* Work to complete *
Set the records down once more so that they match the source word for word.

* Exercise materials *
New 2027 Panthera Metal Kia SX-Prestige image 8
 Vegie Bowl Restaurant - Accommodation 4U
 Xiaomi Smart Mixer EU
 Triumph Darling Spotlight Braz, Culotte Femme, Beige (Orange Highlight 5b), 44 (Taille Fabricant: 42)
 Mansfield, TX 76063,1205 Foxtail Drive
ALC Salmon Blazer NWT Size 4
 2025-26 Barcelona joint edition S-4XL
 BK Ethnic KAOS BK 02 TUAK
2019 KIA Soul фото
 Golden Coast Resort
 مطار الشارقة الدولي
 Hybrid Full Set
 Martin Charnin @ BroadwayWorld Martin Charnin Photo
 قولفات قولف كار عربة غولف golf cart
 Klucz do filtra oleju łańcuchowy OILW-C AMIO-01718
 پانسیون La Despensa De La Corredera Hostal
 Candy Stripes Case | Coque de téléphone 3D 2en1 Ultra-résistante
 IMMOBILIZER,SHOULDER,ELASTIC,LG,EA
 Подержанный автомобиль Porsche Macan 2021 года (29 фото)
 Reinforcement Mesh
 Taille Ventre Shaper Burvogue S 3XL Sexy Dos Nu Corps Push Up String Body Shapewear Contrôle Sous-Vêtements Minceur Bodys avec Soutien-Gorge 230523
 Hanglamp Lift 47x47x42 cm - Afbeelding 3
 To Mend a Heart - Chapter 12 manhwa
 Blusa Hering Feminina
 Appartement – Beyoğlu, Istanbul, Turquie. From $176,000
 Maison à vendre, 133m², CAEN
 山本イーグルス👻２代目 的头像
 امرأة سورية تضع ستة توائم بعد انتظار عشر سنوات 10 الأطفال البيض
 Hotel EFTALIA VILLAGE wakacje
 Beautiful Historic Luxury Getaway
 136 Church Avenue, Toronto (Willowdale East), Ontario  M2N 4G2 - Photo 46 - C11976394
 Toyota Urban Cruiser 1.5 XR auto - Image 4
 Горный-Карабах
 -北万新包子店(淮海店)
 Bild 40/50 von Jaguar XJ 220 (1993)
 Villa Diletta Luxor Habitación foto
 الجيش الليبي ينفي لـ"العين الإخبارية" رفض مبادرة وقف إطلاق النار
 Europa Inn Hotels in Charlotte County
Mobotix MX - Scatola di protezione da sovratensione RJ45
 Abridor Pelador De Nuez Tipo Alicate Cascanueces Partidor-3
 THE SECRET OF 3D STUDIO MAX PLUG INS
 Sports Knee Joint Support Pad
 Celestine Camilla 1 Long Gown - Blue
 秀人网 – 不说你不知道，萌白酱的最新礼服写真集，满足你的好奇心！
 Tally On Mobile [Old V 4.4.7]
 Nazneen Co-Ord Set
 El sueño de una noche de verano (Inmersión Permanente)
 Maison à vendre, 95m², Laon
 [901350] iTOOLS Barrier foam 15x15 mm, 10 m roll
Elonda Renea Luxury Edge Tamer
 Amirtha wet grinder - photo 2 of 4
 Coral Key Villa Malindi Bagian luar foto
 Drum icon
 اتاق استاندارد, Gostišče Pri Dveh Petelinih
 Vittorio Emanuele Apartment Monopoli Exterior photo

* Answer for this exercise *
New 2027 Panthera Metal Kia SX-Prestige image 8
 Vegie Bowl Restaurant - Accommodation 4U
 Xiaomi Smart Mixer EU
 Triumph Darling Spotlight Braz, Culotte Femme, Beige (Orange Highlight 5b), 44 (Taille Fabricant: 42)
 Mansfield, TX 76063,1205 Foxtail Drive
ALC Salmon Blazer NWT Size 4
 2025-26 Barcelona joint edition S-4XL
 BK Ethnic KAOS BK 02 TUAK
2019 KIA Soul фото
 Golden Coast Resort
 مطار الشارقة الدولي
 Hybrid Full Set
 Martin Charnin @ BroadwayWorld Martin Charnin Photo
 قولفات قولف كار عربة غولف golf cart
 Klucz do filtra oleju łańcuchowy OILW-C AMIO-01718
 پانسیون La Despensa De La Corredera Hostal
 Candy Stripes Case | Coque de téléphone 3D 2en1 Ultra-résistante
 IMMOBILIZER,SHOULDER,ELASTIC,LG,EA
 Подержанный автомобиль Porsche Macan 2021 года (29 фото)
 Reinforcement Mesh
 Taille Ventre Shaper Burvogue S 3XL Sexy Dos Nu Corps Push Up String Body Shapewear Contrôle Sous-Vêtements Minceur Bodys avec Soutien-Gorge 230523
 Hanglamp Lift 47x47x42 cm - Afbeelding 3
 To Mend a Heart - Chapter 12 manhwa
 Blusa Hering Feminina
 Appartement – Beyoğlu, Istanbul, Turquie. From $176,000
 Maison à vendre, 133m², CAEN
 山本イーグルス👻２代目 的头像
 امرأة سورية تضع ستة توائم بعد انتظار عشر سنوات 10 الأطفال البيض
 Hotel EFTALIA VILLAGE wakacje
 Beautiful Historic Luxury Getaway
 136 Church Avenue, Toronto (Willowdale East), Ontario  M2N 4G2 - Photo 46 - C11976394
 Toyota Urban Cruiser 1.5 XR auto - Image 4
 Горный-Карабах
 -北万新包子店(淮海店)
 Bild 40/50 von Jaguar XJ 220 (1993)
 Villa Diletta Luxor Habitación foto
 الجيش الليبي ينفي لـ"العين الإخبارية" رفض مبادرة وقف إطلاق النار
 Europa Inn Hotels in Charlotte County
Mobotix MX - Scatola di protezione da sovratensione RJ45
 Abridor Pelador De Nuez Tipo Alicate Cascanueces Partidor-3
 THE SECRET OF 3D STUDIO MAX PLUG INS
 Sports Knee Joint Support Pad
 Celestine Camilla 1 Long Gown - Blue
 秀人网 – 不说你不知道，萌白酱的最新礼服写真集，满足你的好奇心！
 Tally On Mobile [Old V 4.4.7]
 Nazneen Co-Ord Set
 El sueño de una noche de verano (Inmersión Permanente)
 Maison à vendre, 95m², Laon
 [901350] iTOOLS Barrier foam 15x15 mm, 10 m roll
Elonda Renea Luxury Edge Tamer
 Amirtha wet grinder - photo 2 of 4
 Coral Key Villa Malindi Bagian luar foto
 Drum icon
 اتاق استاندارد, Gostišče Pri Dveh Petelinih
 Vittorio Emanuele Apartment Monopoli Exterior photo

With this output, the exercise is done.